START Record excerpts

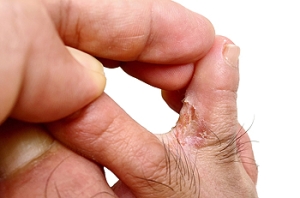 Differentiating Between Eczema and Athlete&#039;s Foot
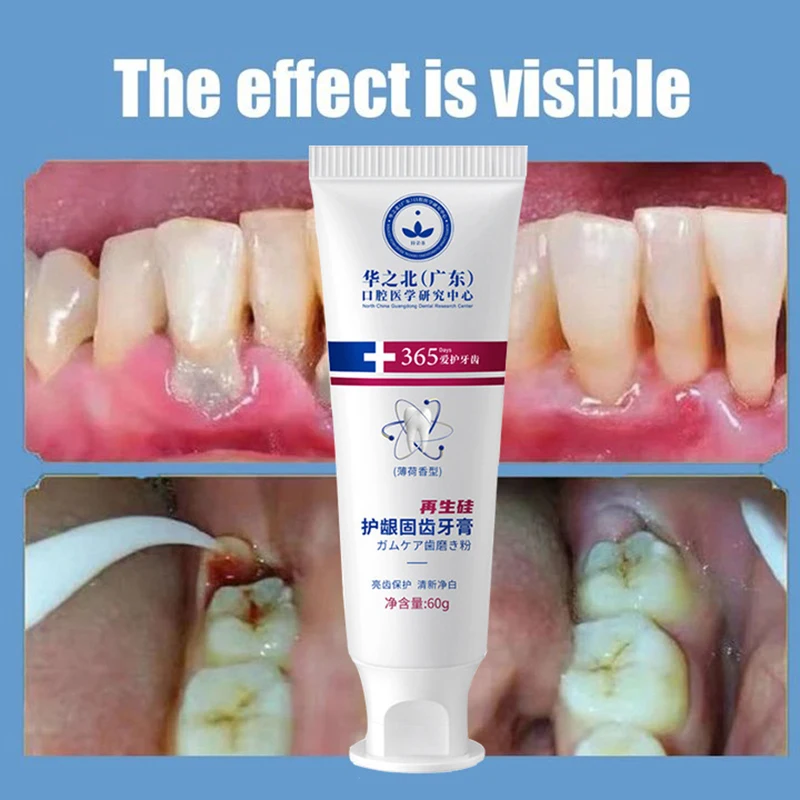 New Upgrade Quick Repair of Cavities Caries Removal of Plaque Stains Decay Whitening Yellowing Repair Teeth Teeth Whitening 5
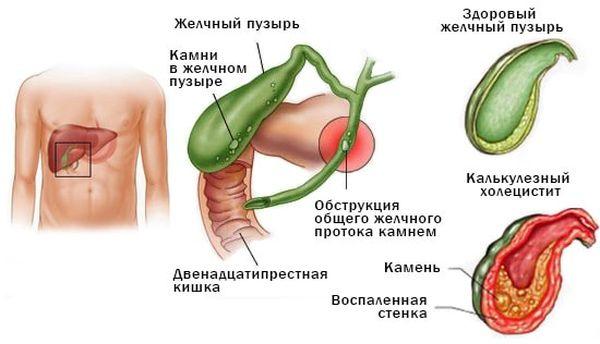 патологии желчного пузыря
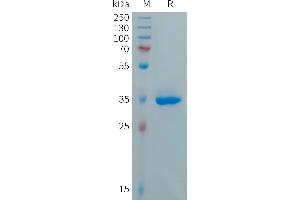 Human C Protein, hFc Tag on SDS-PAGE under reducing condition. (CXCL5 Protein (Fc Tag))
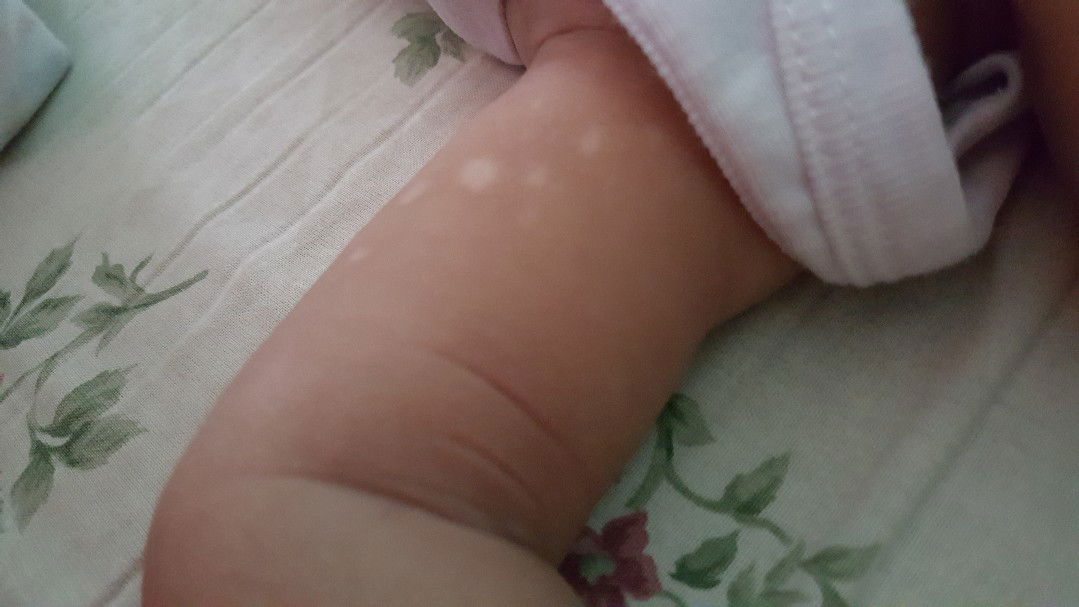 bekas biang keringat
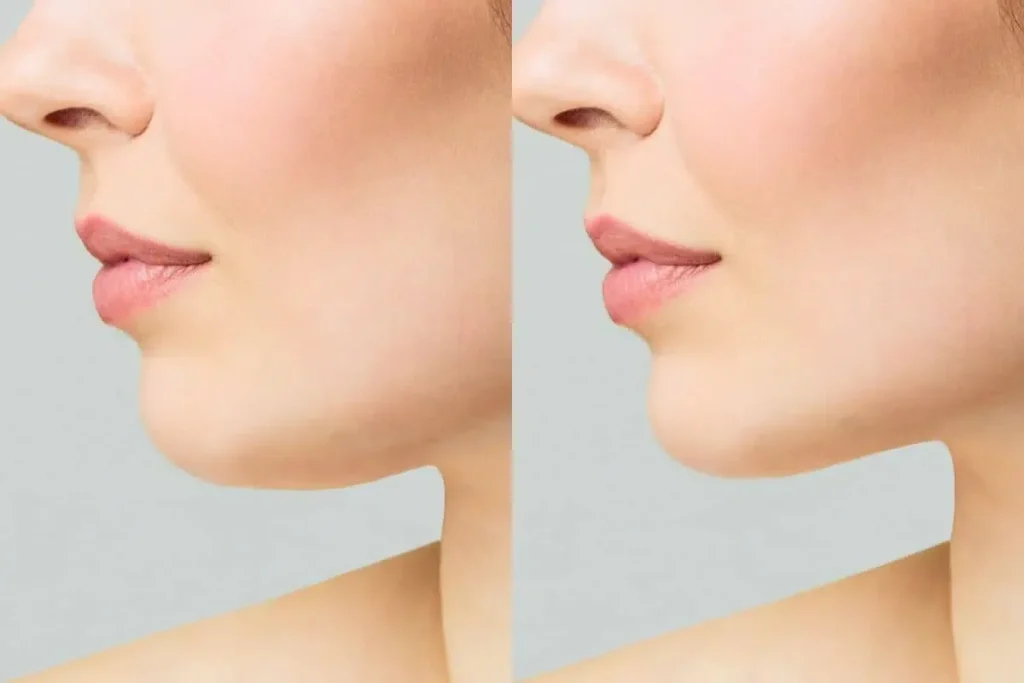 Fillers For Mouth Lines: Best Safety Guide
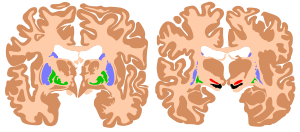 thumbnail of dbpedia resource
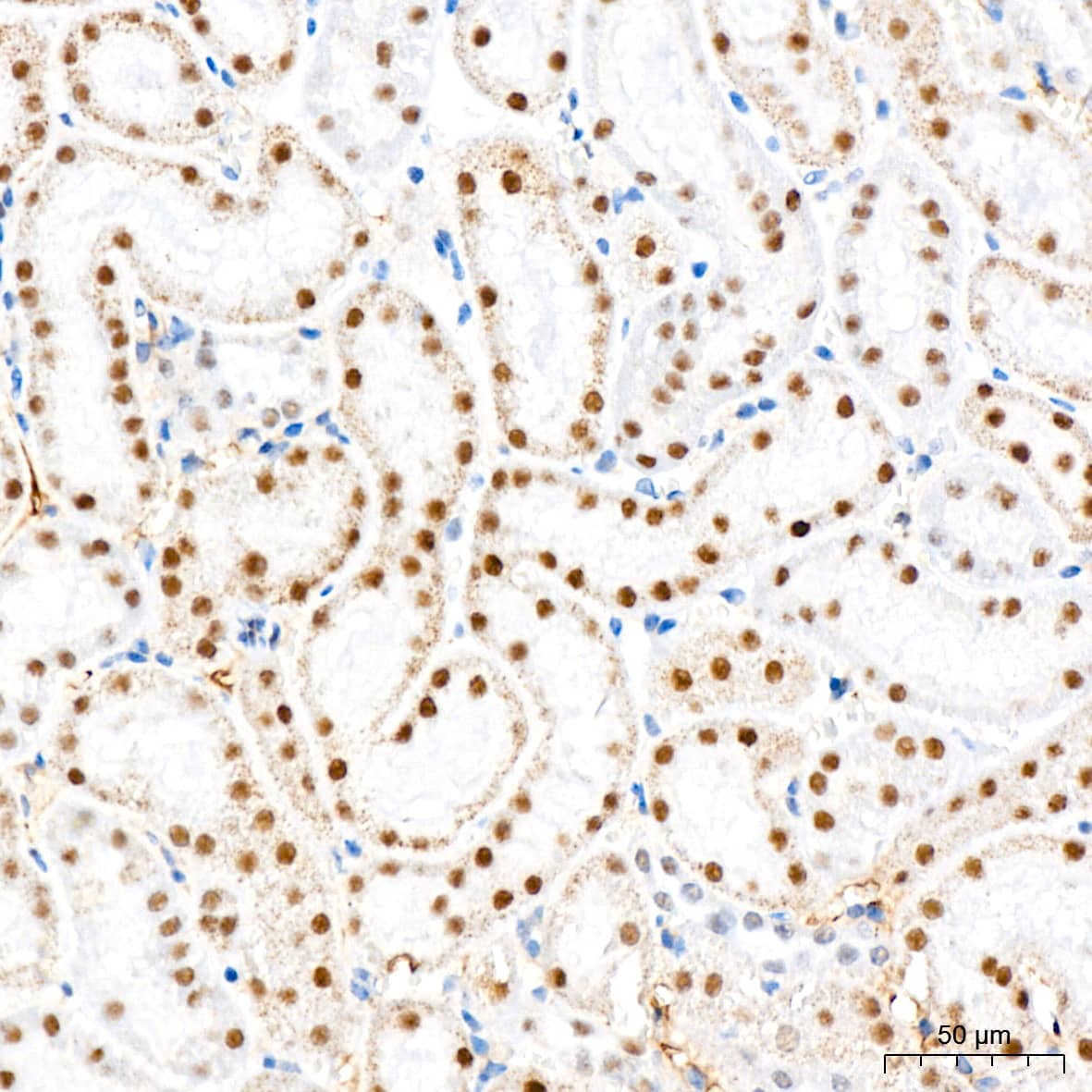 Immunohistochemistry: CHD3 Antibody (8Z6L6) [NBP3-16632] - Immunohistochemistry analysis of CHD3 in paraffin-embedded mouse kidney tissue using CHD3 Rabbit mAb at a dilution of 1:200 (40x lens).High pressure antigen retrieval was performed with 0.01 M citrate buffer (pH 6.0) prior to IHC staining.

END Record excerpts

● Task item: Leaving the pictures out, transcribe the entries above exactly as written.

● Answer for this exercise:
 Differentiating Between Eczema and Athlete&#039;s Foot
 New Upgrade Quick Repair of Cavities Caries Removal of Plaque Stains Decay Whitening Yellowing Repair Teeth Teeth Whitening 5
 патологии желчного пузыря
 Human C Protein, hFc Tag on SDS-PAGE under reducing condition. (CXCL5 Protein (Fc Tag))
 bekas biang keringat
 Fillers For Mouth Lines: Best Safety Guide
 thumbnail of dbpedia resource
 Immunohistochemistry: CHD3 Antibody (8Z6L6) [NBP3-16632] - Immunohistochemistry analysis of CHD3 in paraffin-embedded mouse kidney tissue using CHD3 Rabbit mAb at a dilution of 1:200 (40x lens).High pressure antigen retrieval was performed with 0.01 M citrate buffer (pH 6.0) prior to IHC staining.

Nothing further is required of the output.